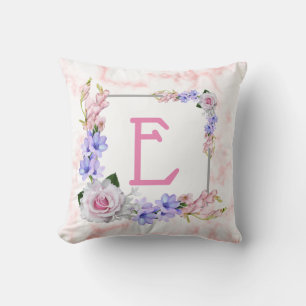 Monogramm der rosa Marmorplatte der Rose Kissen
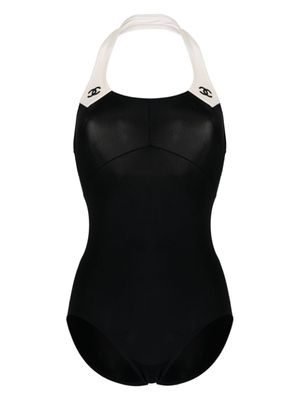 CHANEL Pre-Owned maillot de bain à logo CC (1990-2000) - Noir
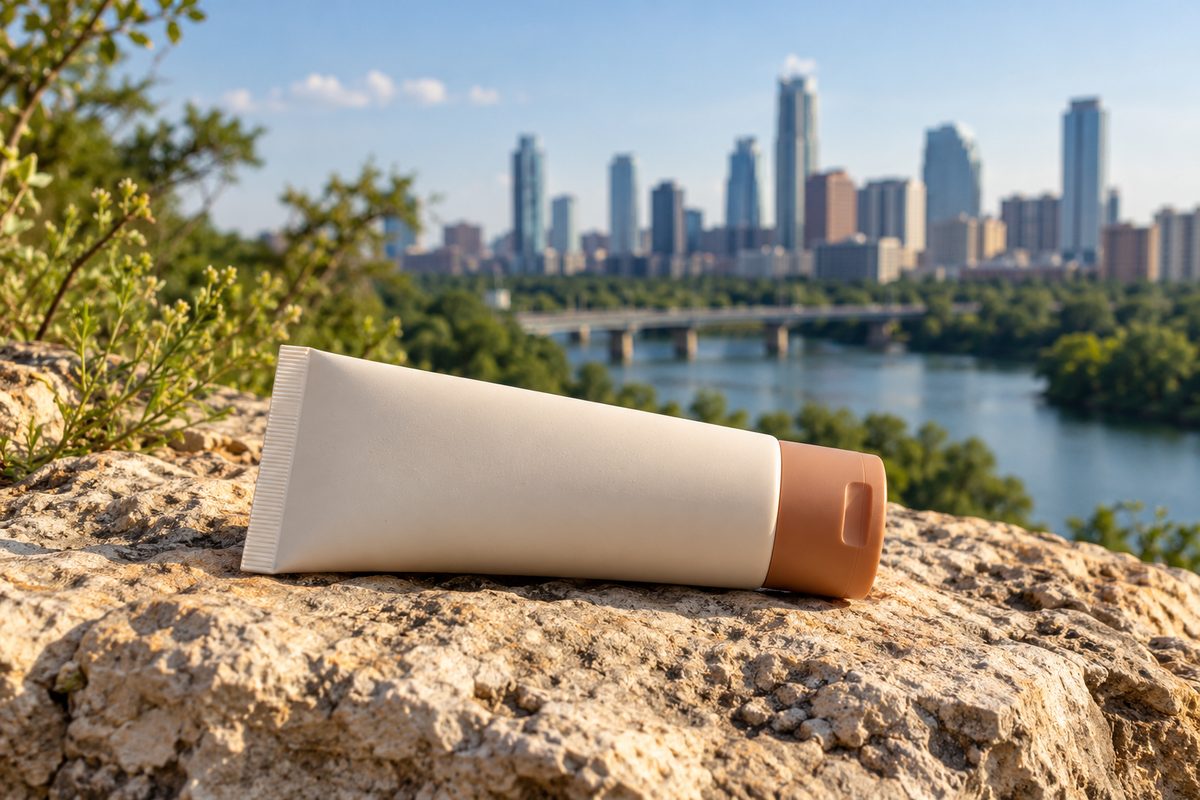 Mineral SPF 30 sunscreen tube resting on sun-bleached Texas limestone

Work request
All text in the material above must be written out exactly; the images are to be skipped.

Result of the exercise
 Monogramm der rosa Marmorplatte der Rose Kissen
 CHANEL Pre-Owned maillot de bain à logo CC (1990-2000) - Noir
 Mineral SPF 30 sunscreen tube resting on sun-bleached Texas limestone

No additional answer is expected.